**Task prompt**
Reproduce the listing below exactly, minus its pictures.

**Dataset content**
========

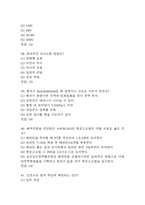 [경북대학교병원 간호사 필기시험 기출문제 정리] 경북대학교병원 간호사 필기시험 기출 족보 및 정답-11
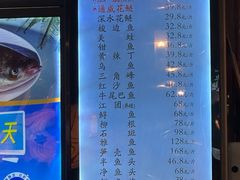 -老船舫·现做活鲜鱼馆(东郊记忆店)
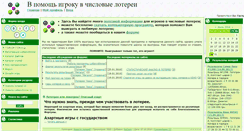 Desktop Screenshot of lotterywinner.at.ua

========

**Task response**
 [경북대학교병원 간호사 필기시험 기출문제 정리] 경북대학교병원 간호사 필기시험 기출 족보 및 정답-11
 -老船舫·现做活鲜鱼馆(东郊记忆店)
 Desktop Screenshot of lotterywinner.at.ua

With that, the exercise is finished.